The code is in a class library and connects to a named pipe endpoint using WCF.

When I initiate the connection from a console application, everything works fine.

When I initiate the connection from a web application, I receive an exception:

Access is denied
Server stack trace:
  at System.ServiceModel.Channels.AppContainerInfo.GetCurrentProcessToken()
  at System.ServiceModel.Channels.AppContainerInfo.RunningInAppContainer()
  at System.ServiceModel.Channels.AppContainerInfo.get_IsRunningInAppContainer()
  at System.ServiceModel.Channels.PipeSharedMemory.BuildPipeName(String pipeGuid)
  at System.ServiceModel.Channels.PipeSharedMemory.get_PipeName()
  at System.ServiceModel.Channels.PipeConnectionInitiator.GetPipeName(Uri uri, IPipeTransportFact… Object[] , Object[] )
  at System.ServiceModel.Dispatcher.SyncMethodInvoker.Invoke(Object instance, Object[] inputs, Object[]& outputs)
  at System.ServiceModel.Dispatcher.DispatchOperationRuntime.InvokeBegin(MessageRpc& rpc)
  at System.ServiceModel.Dispatcher.ImmutableDispatchRuntime.ProcessMessage5(MessageRpc& rpc)
  at System.ServiceModel.Dispatcher.ImmutableDispatchRuntime.ProcessMessage11(MessageRpc& rpc)
  at System.ServiceModel.Dispatcher.MessageRpc.Process(Boolean isOperationContextSet)

The error originates at a boundary between the managed code and unmanaged code where there is a call into advapi32.dll:

[SecurityCritical]
private static SafeCloseHandle GetCurrentProcessToken()
{
  SafeCloseHandle TokenHandle = (SafeCloseHandle) null;
  if (!UnsafeNativeMethods.OpenProcessToken(UnsafeNativeMethods.GetCurrentProcess(), TokenAccessLevels.Query, out TokenHandle))
    throw System.ServiceModel.FxTrace.Exception.AsError((Exception) new Win32Exception(Marshal.GetLastWin32Error()));
  return TokenHandle;
}

[DllImport("advapi32.dll", SetLastError = true)]
internal static extern bool OpenProcessToken(IntPtr ProcessHandle, TokenAccessLevels DesiredAccess, out SafeCloseHandle TokenHandle);

Various topics on the web suggest removing the element or setting impersonate="false":

<system.web>
  <identity impersonate="true"/>
</system.web>

And indeed, this works to fix my issue. However, I'm not certain what side effects this may have on the application (SharePoint 2016) so I'm reluctant to simply remove this attribute.
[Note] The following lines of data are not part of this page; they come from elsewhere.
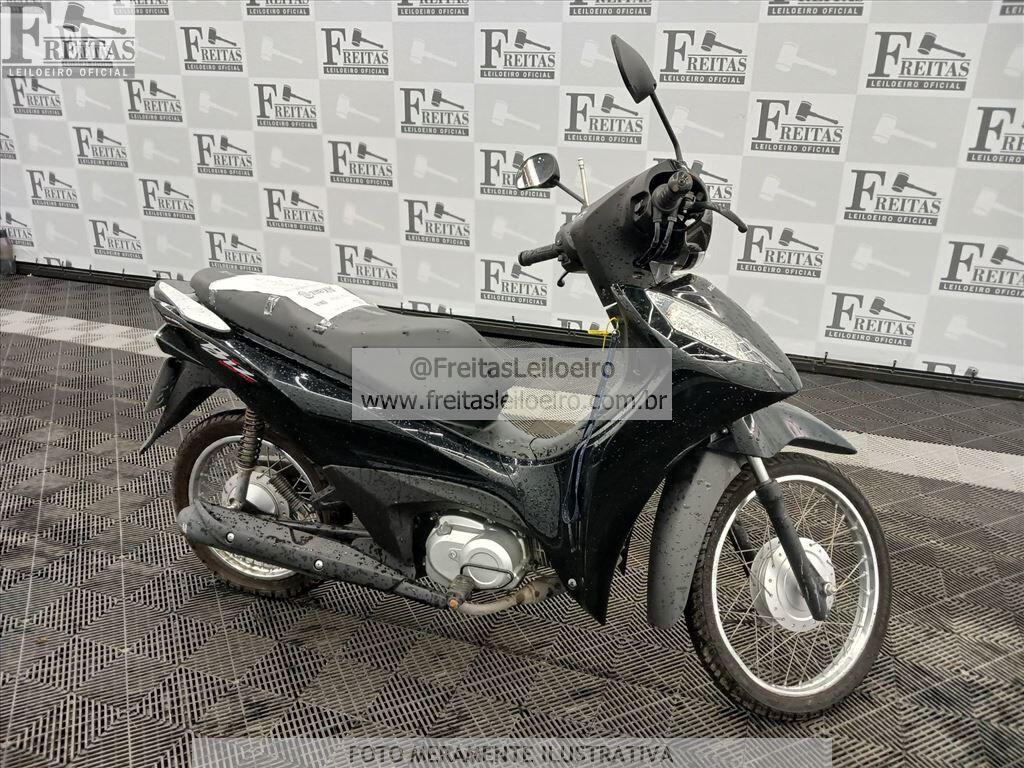 Foto 2: HONDA/BIZ ES, 25/25, PLACA: T__-___3, GASOLINA, PRETA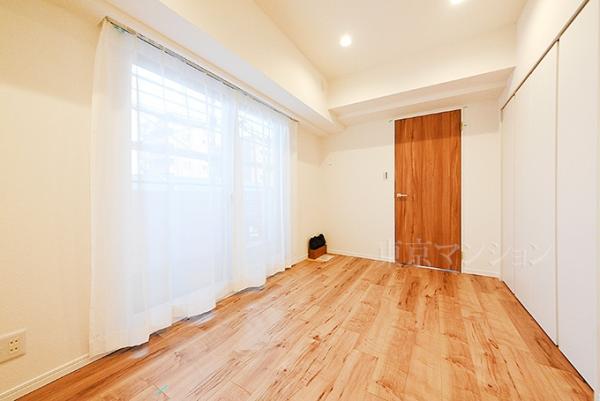 ヴィーナ・パルテール リビング以外の居室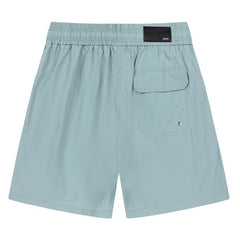 Logo Pattern Printed Short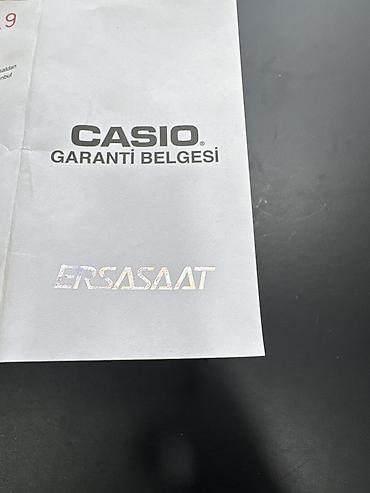 Наручные часы: Новый, Наручные часы, Casio, цвет - Черный — 3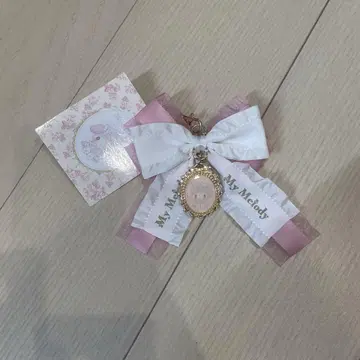 마이멜로디 색깔 딸기 티타임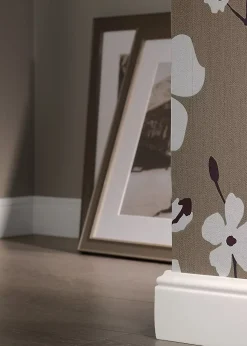 Noel & Marquet Plinthe NMC WALLSTYL FL2 Profil de décoration- Plinthe Pour Parquet Et Stratifié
The SecurityCritical attribute gave me some hints in that perhaps this is related to the change in the CAS model between .NET 2.0 and .NET 4.0. The code is installed into the GAC so it should be running under full trust already but I gave it a shot anyways.

I have also tried adding [SecuritySafeCritical] to the method and the class which invokes the IChannel.Open() to no avail.

I also tried adding [assembly: SecurityRules(SecurityRuleSet.Level1)] on the assembly as this should lock into the .NET Framework 2.0 security rules.

I'm looking for any additional insight and other methods to try to resolve this issue.

There is some similarity to this other Stack post: How to call net.pipe (named pipe) WCF services while impersonating in a Windows Service except that there is no explicit impersonation occurring so I'm not certain that the fix would apply.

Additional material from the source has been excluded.